Third, artificial intelligence (AI). This is required for deep learning and to carry out object classification, object tracking and even decision making. AI is new to the auto industry, but essential to making more complex road-based decisions, such as how vehicles are moving and which direction the car should take.

Cybersecurity is a major concern these days. How is Visteon addressing that?

We are taking a state-of-the-art approach to safety and security in all our applications and have a specialised security team working on integrating cybersecurity into our architectures, such as secured boot inside systems. 

For example, in our new infotainment system – Phoenix — we’re building in cybersecurity from the ground up, which is different from the batch approach that is being applied to infotainment systems today. We believe this will give our system a level of cybersecurity that is unavailable to automakers today. Our architecture also includes secured sandboxing for handling HTML5 applications.

Markus Schupfner

Markus Schupfner leads Visteon’s global advanced technology development, especially in the areas of ADAS, vehicle-to-vehicle and vehicle-to-infrastructure, and autonomous driving, as well as product management of all Visteon products. Schupfner joined Visteon on April 1, 2016, bringing more than 20 years of experience leading software development for global automotive suppliers, primarily serving high-end vehicle manufacturers. He is based in Karlsruhe, Germany.

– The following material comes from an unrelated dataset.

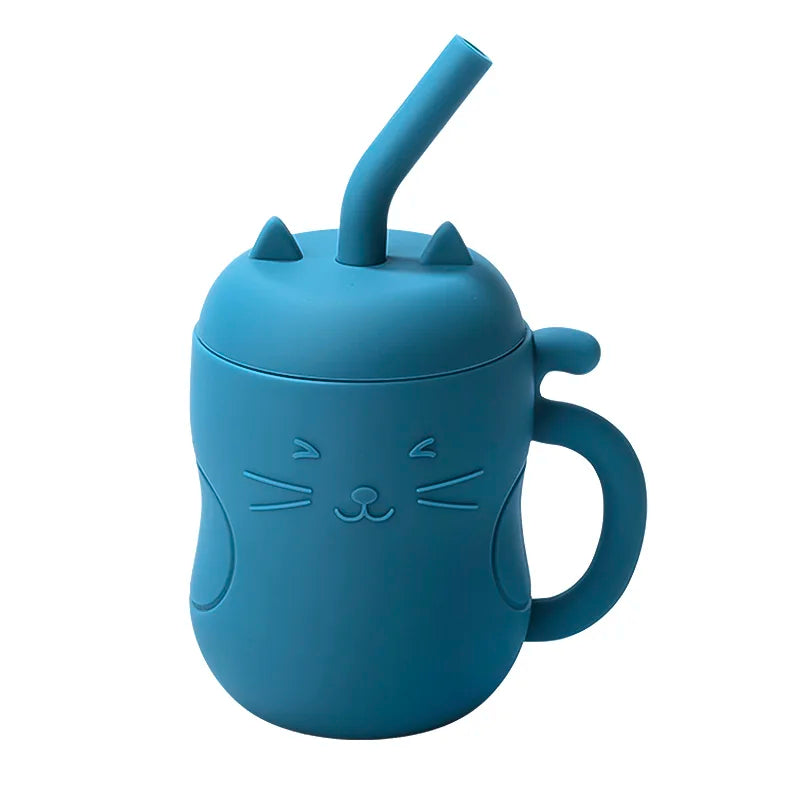 Silicone Straw Water Bottle for Children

Schupfner previously was with Elektrobit Automotive GmbH, an international supplier of embedded software solutions and services, where since 2014 he had been executive vice president of operations, after serving four years as vice president of Elektrobit infotainment solutions. As head of operations at Elektrobit Automotive – recently acquired by Continental AG – Schupfner led innovation, product and service developments for human-machine interaction, driver assistance, navigation, system integration, connected car and electronic control unit solutions. He achieved many successful product launches for high-end vehicle manufacturers and helped turn the company toward a lean development approach.

Before joining Elektrobit, Schupfner was vice president of navigation for the infotainment division of Harman International Industries, where he led product development and pre-development for high-end navigation. He previously held director-level roles during a 12-year career at Siemens VDO and Siemens, responsible for system architecture and technology development of high-end navigation systems for leading automakers.

Schupfner has obtained several patents for embedded navigation software. He has a degree in mathematics from the Technical University of Applied Sciences in Regensburg, Germany.